私の大学最後の1年間、いや、残りの人生で重要な役割を果たす人物がいた。その女性は、信仰と熱意を試され鍛えられた日本人の若い男である私の将来を決定づけた。これが、中国系アメリカ人2世で、アリゾナ州ツーソン市からやって来た東洋人の女性との初めての出会いだった。彼女の名前はジョイス。彼女は台湾へ伝道する宣教師として人生を捧げる決心をしていた。


1962年9月4日の午後、私は樫の木の下で彼女に会った。珍しく暖かい陽光が色とりどりの木の葉を反射していた。木の葉は風でゆらゆらと揺れ、ミネソタに初秋が来たことを示していた。人目惚れだったのだろうか?彼女は神がお送りくださった私の祈りへの答えなのだろうかと思った。私は2年間に渡って、東洋人に会わせて下さいますようにと祈っていたからだ。もちろん、私は日本人の心を持つ日本人女性という風にもっと詳しく祈るべきだった。しかし、私は特別な女性を見つけ出すのに神に多大なご苦労をおかけしたくはなかった。それで、私は神に願いを聞き届けて頂き易いように、少なくとも妻になる女性は大学にやってきた最初の東洋人女性でありますように、と望みを低くしたのだった。
「“リトル・ディッパー”にアイスクリームを食べに行きませんか?僕がおごりますよ。

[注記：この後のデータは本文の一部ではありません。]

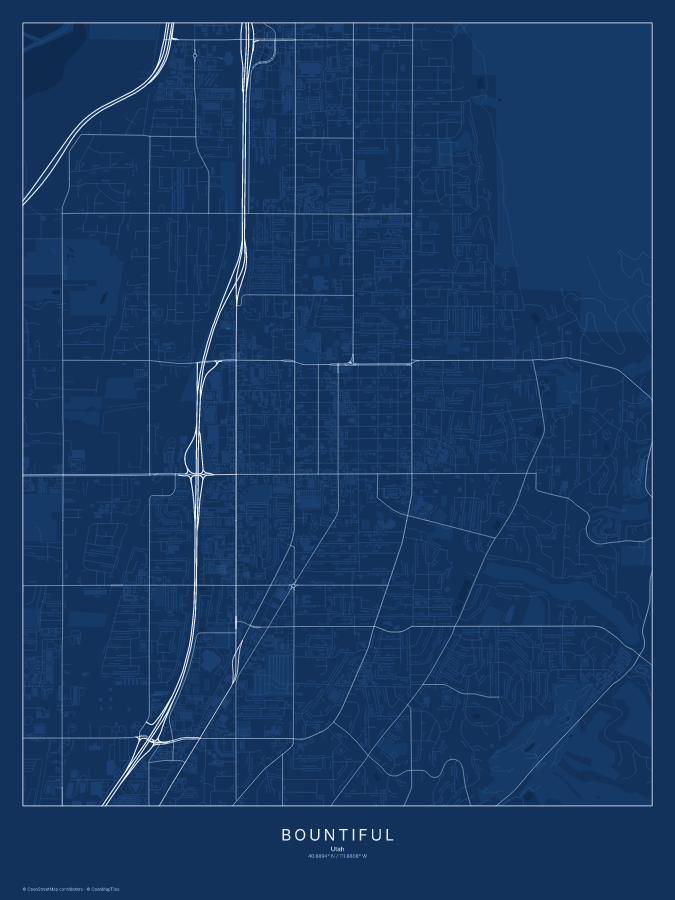 Bountiful map poster, blueprint style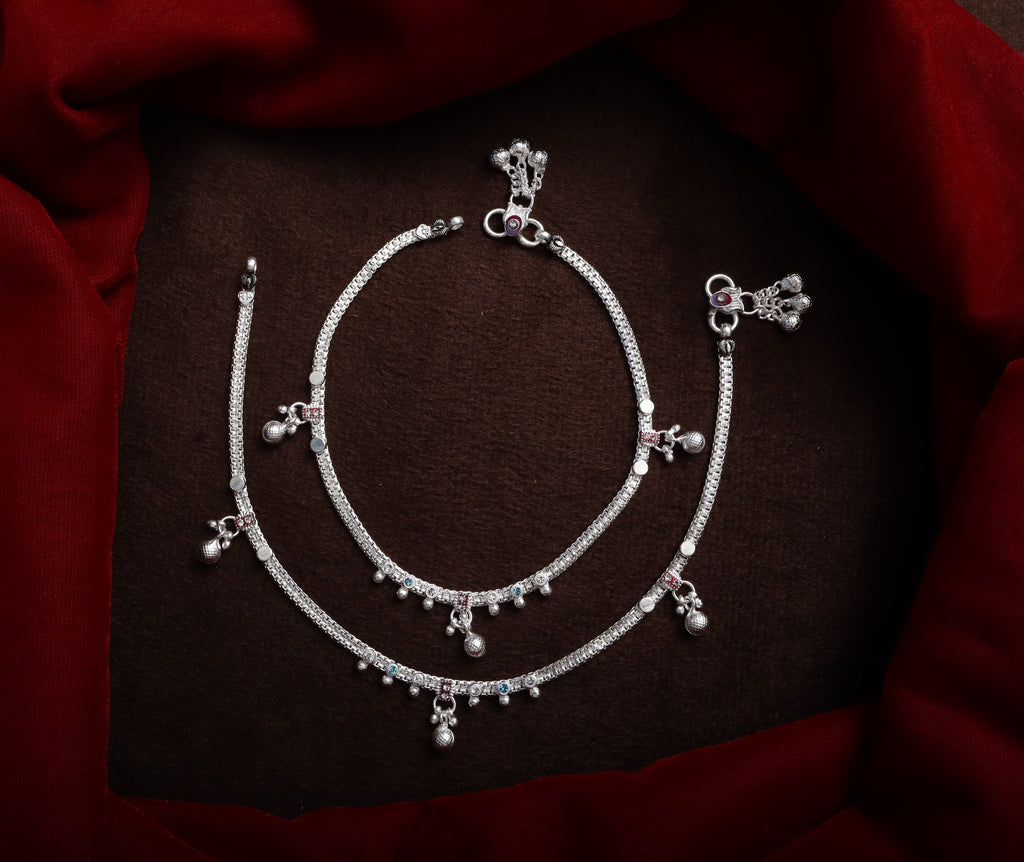 Designer German Silver Payal | Silver Plated Anklet for Women | Bridal & Traditional Wear Fancy Payal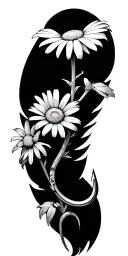 daisy with stem as fishing hook intertwined with cross tattoo design idea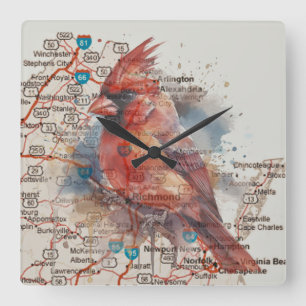 Cardinal on Virginia Road Map Square Wall Clock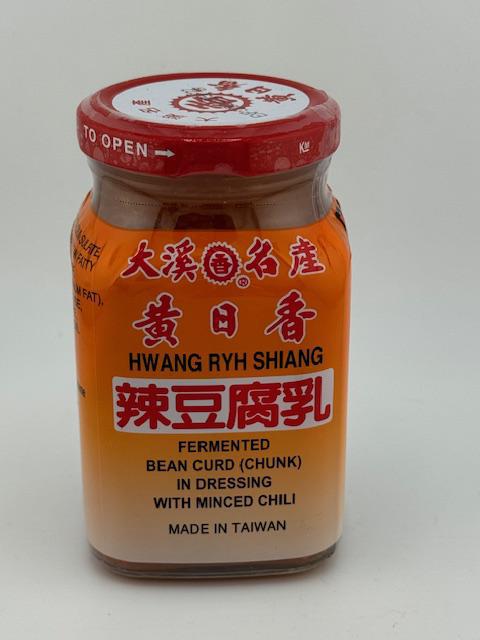 HWANG RYH SHIANG Fermented Bean Curd CHUNK with Minced Chili-10.5 OZ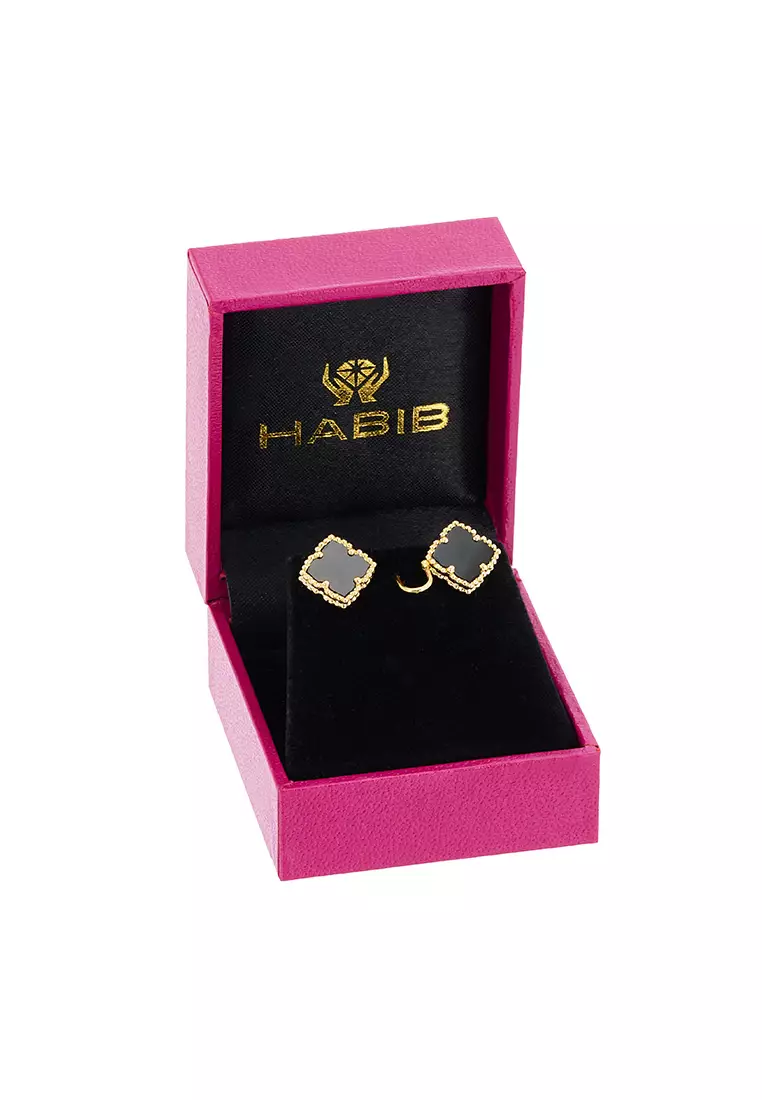 HABIB Onyx Earrings in 750/18K Yellow Gold 457800125(YG)-ONYX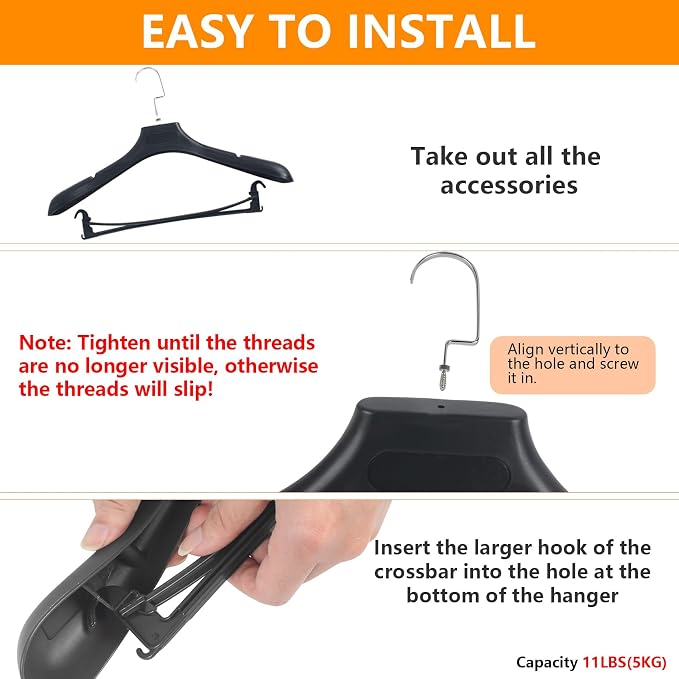 Plastic Extra Wide Suit Hangers, Width: 17.7", Notched Shoulders & Metal Hooks - Image 8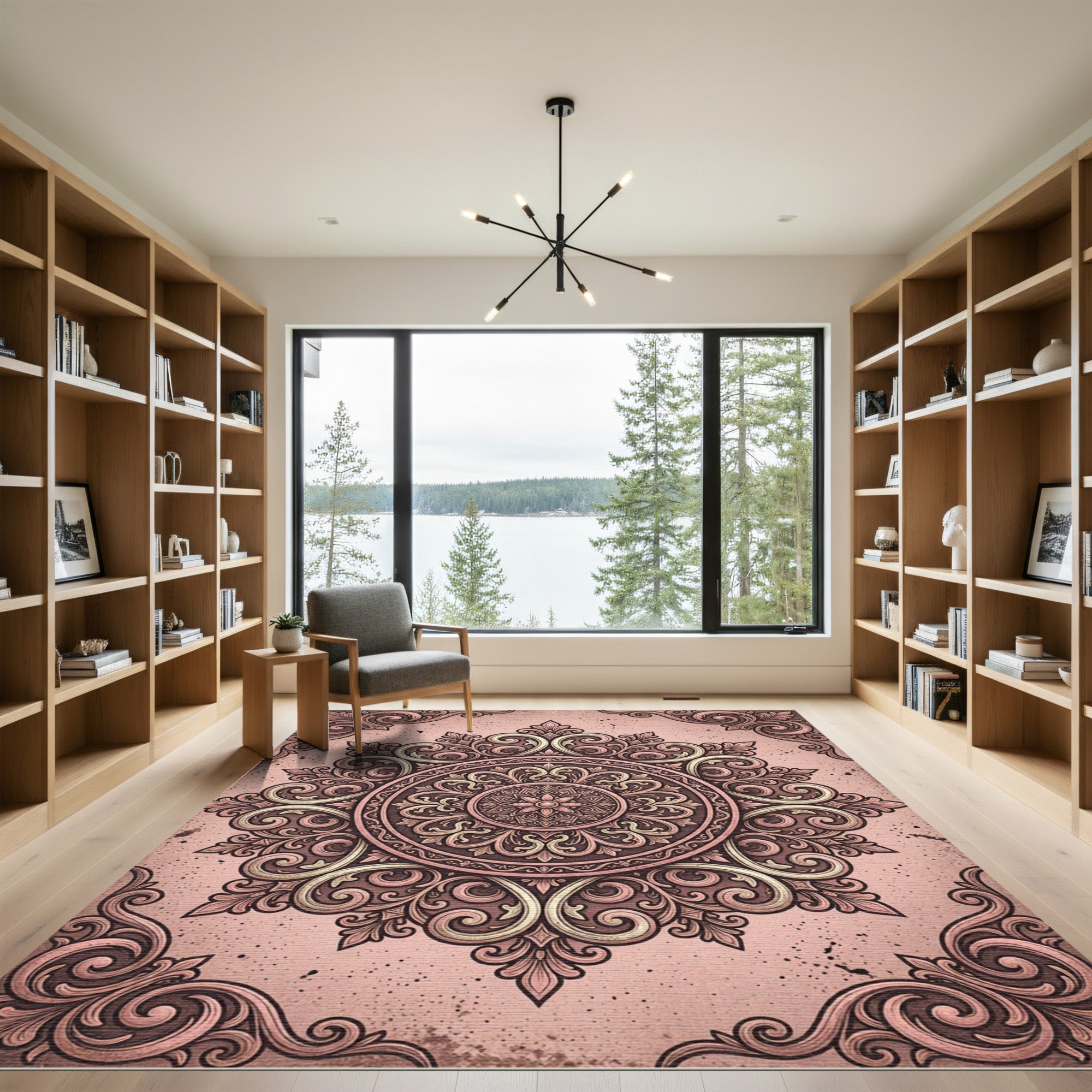 Elegant Dusty Rose Ornate Mandala Rug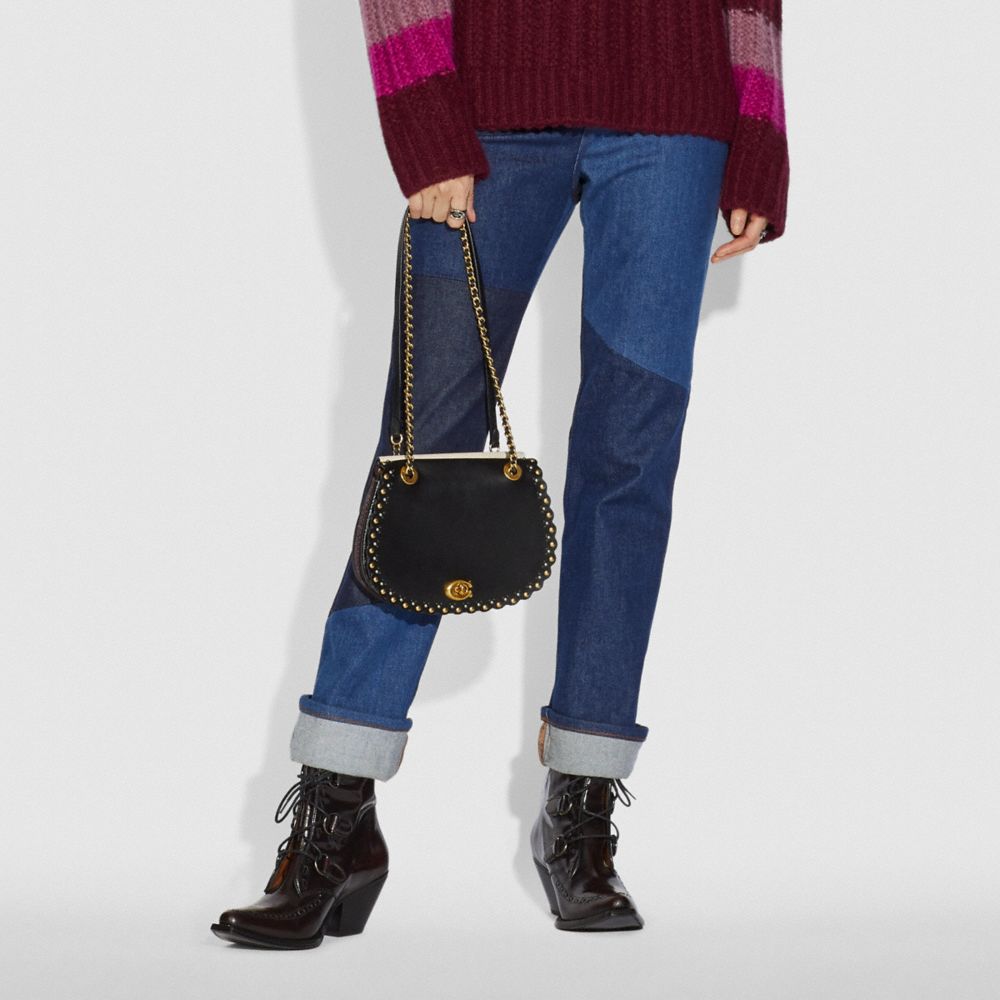 Parker Saddle Bag With Scallop Rivets
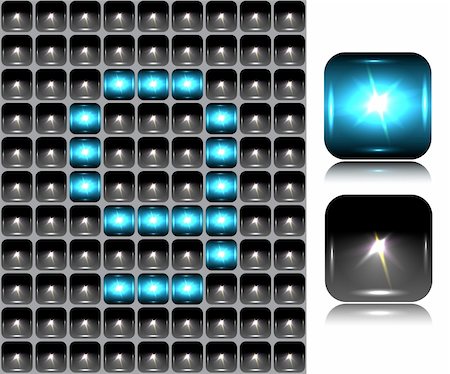 Figure made of flash lights; vector illustration; eps10; 4 named layers, easy editable! BONUS!!! Seamless background (black buttons) and two buttons-spotlights with reflection!!! Stock Photo - Budget Royalty-Free & Subscription, Code: 400-05927931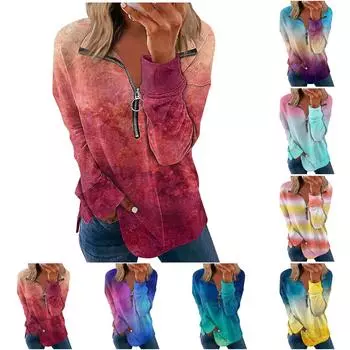 Женская мода с длинным рукавом и галстуком с постепенным принтом и застежкой-молнией, толстовка с капюшоном M синий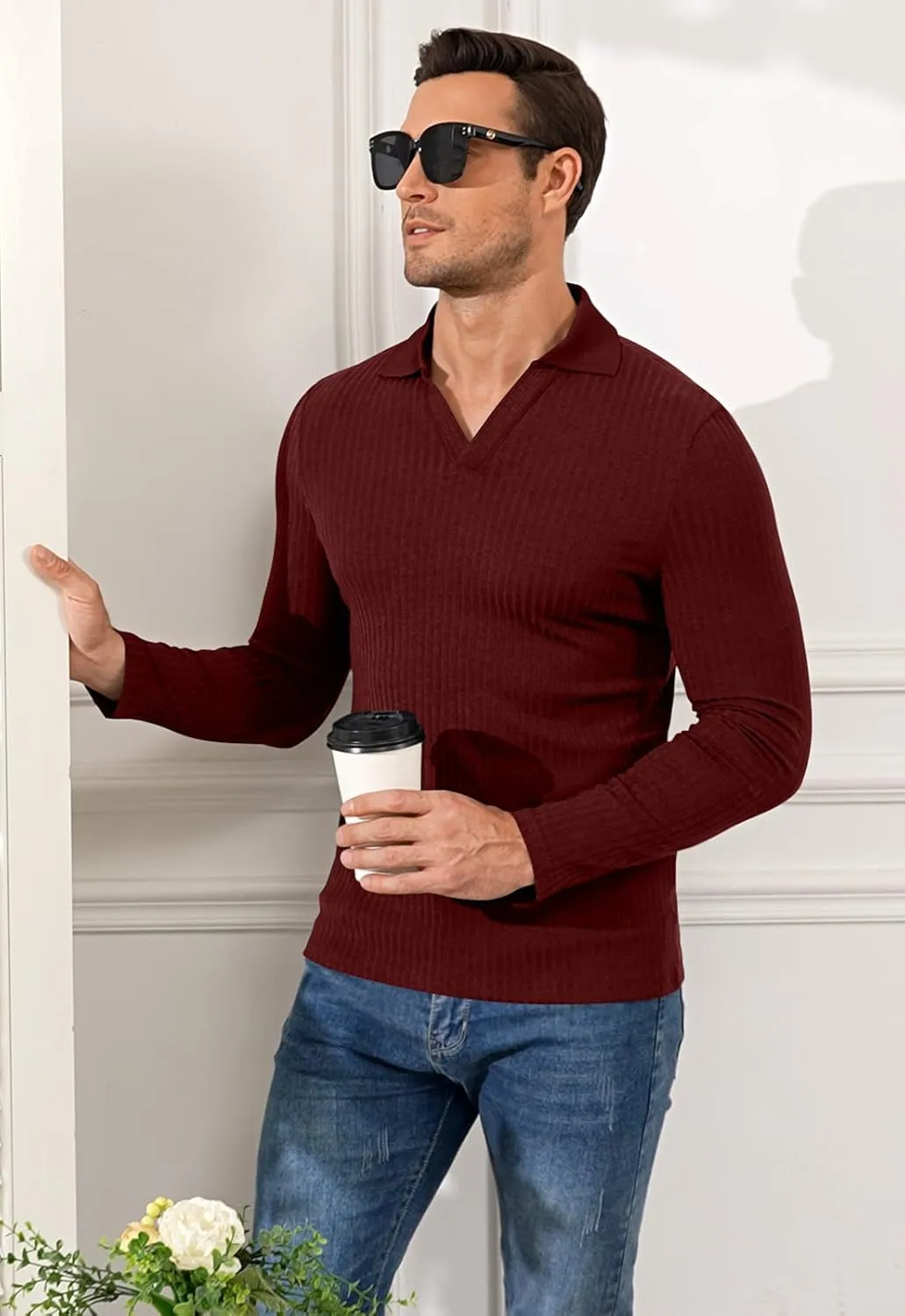 YTD Men's Muscle V Neck Polo Shirts Slim Fit Long Sleeve Golf T-Shirts Ribbed Knit Soft Casual Tees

」
「いいえ、ダメだわ。アイスクリームを買うお金ならありますもの。」
「いやいや、僕はそんなことを言っているのではありません。誰かとアイスクリームを食べるとすごくおいしいのですよ。僕はそれをあなたと分かち合いたいだけなのです。」
何度か説得を試みて、ようやく彼女は私の提案を渋々受け入れた。
「2つではなくて、1つにして下さい。」
彼女は叫んだ。(アイスクリームをおごってやるというのに、彼女はなぜ愛想良く受けられないのだろうか?)樫の木の下に座って私はつぶやいた。私にとって、ちっとも経済的な負担ではなかった。もし彼女が私の手足を欲しいと言ったとしても、私は差し出したに違いなかった。彼女は私の心を読んでいた。
「私がなぜこの大学に来たのか、そして、なぜアイスクリームを食べるのが馬鹿げていると思うのかをお話します。私は本当にそれが嫌なのです。特にすべてのお金が授業料に当てられている状況ではね。」
私は彼女の気分を害したようだった。
「トム、溶けてしまう前にアイスクリームを食べてしまいなさいよ。」
私は素早く食べ終わった。口の周りを舐めて残った味を楽しんだ。彼女と再びアイスクリームを食べられるかどうか、わからなかった。それから、彼女はゆっくりと慎重に心を開いて心の内をさらけ出してくれた。そして、アリゾナ大学でエンジニアの修士号を取得した3人の兄に会った話をした。
「私の家族は、私が宣教師になるために人生を捧げ、台湾に行くのを認めてくれないのです。私の両親は中国本土からやってきました。両親は私にアリゾナ大学へ進学するよう強く勧め、学費を全額出すとまで言い出したのです。」彼女は情熱的に続けた。
 「トム、私が宣教師になるという“使命”に従わなければならないことが理解できますか? 私は両親と兄に背いて、高いお金を払って、このバプテスト・バイブル・カレッジにやってきたのです。私には、これは生きるか死ぬかの問題なのです。私の将来は、学費を自分で払うという真剣な気持ちにかかっているのです。私は10セントも両親からもらっていません。もし両親が何千ドルをあっさりと送ってきたとしても、私は決して受け取らないつもりです。」